Farruquito spoke about the early experiences that shaped his career, the show and the place of improvisation in flamenco.

You first visited the United States as a child., and it seems it was a crucial experience for your development as an artist. How so?

It makes me smile when I see mentions that I “debuted on Broadway at the age of 5.” What happened was that my family was in the show and my mother didn’t have anybody to leave me with, so I traveled with them. I watched Flamenco Puro (which ran on Broadway in 1986) every day from the side of the stage. It was the cream of flamenco. Besides my family there were many other great artists in that show. It was incredible and I didn’t miss one night. I believe it was the greatest, most important experience I had in flamenco.

You have spoken of Improvisao as a return to the source for you. Can you elaborate?

I remember watching my uncle El Chocolate (cantaor Antonio Nuñez Montoya) going to my grandfather’s dressing room and he would start joking with him to loosen him up because Chocolate would get so nervous. And also that’s when he tried things out. He might ask the guitar player to change the key depending how he felt. Those are things I don’t forget. Nowadays that … just doesn’t happen. You know in which key you are singing three months in advance. But how do you know how you are going to feel that night? And things start to get a bit forced and lose spontaneity.

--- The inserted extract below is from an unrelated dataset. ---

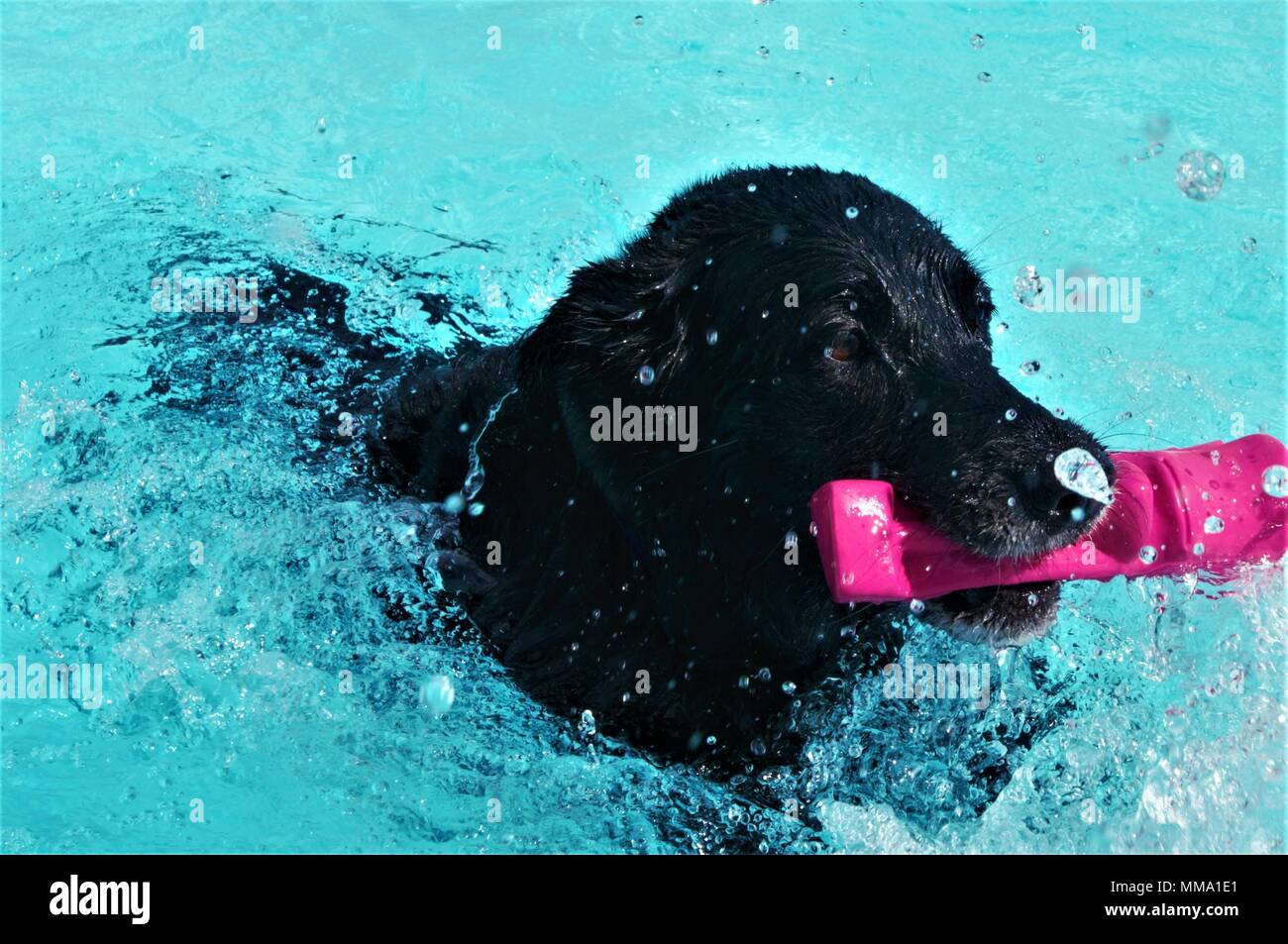 Kiley, a black Labrador retriever, catches a play toy in the pool during the third annual Doggy Swim Day September 23, 2017 at the Fort Bliss Community Pool. Kiley is the pet of Sarrah Morgan, the event coordinator for Doggy Swim Day. (Army Photo by SGT Apryl N. Bowman, 24th Press Camp Headquarters) Stock Photo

When you put this much time at your craft, as you perfect some aspects of it you also tend to lose others — a certain spontaneity, a certain naturalness. It’s been awhile since I dared to try something improvised. I remember how my grandfather would put me on stage and say ´Dance’ and I would tell him ‘What do I do?’ and he would say, ‘You just dance.’

What does Improvisao mean at this point in your career, then?

Improvisao is about freedom and a certain responsibility.

Freedom because I can do what I want within the structure I’ve created. It’s fun — but it’s also a learning experience, because you are rediscovering yourself every night.

And then there is also the responsibility of coming up with results. …You are exposed. And the people who really enjoy flamenco come to the show with the attitude that the performance is a shared adventure. They come saying: “Let’s see how Juan is tonight.”

So each night Improvisao is different, unrepeatable?

Absolutely. The structure of this show is the order of the palos [the different styles within flamenco] and even then, and depending how I feel, I would ask the people accompanying me to go this way or that.

What is the role of improvisation in the flamenco tradition?

To my mind, the origin of flamenco is improvisation. Flamenco did not start in an academy or in a school setting. Flamenco was born in home gatherings. I don’t remember when I started dancing. What I do remember from when I was a little boy is that while my mother was, say, cooking, and she had to go from the kitchen to the patio, and if she thought of something she would dance it. And any celebrations at home — be it a birthday or any good bit of news — it was all ole! and song and dance. That was not some sort of training, it was life.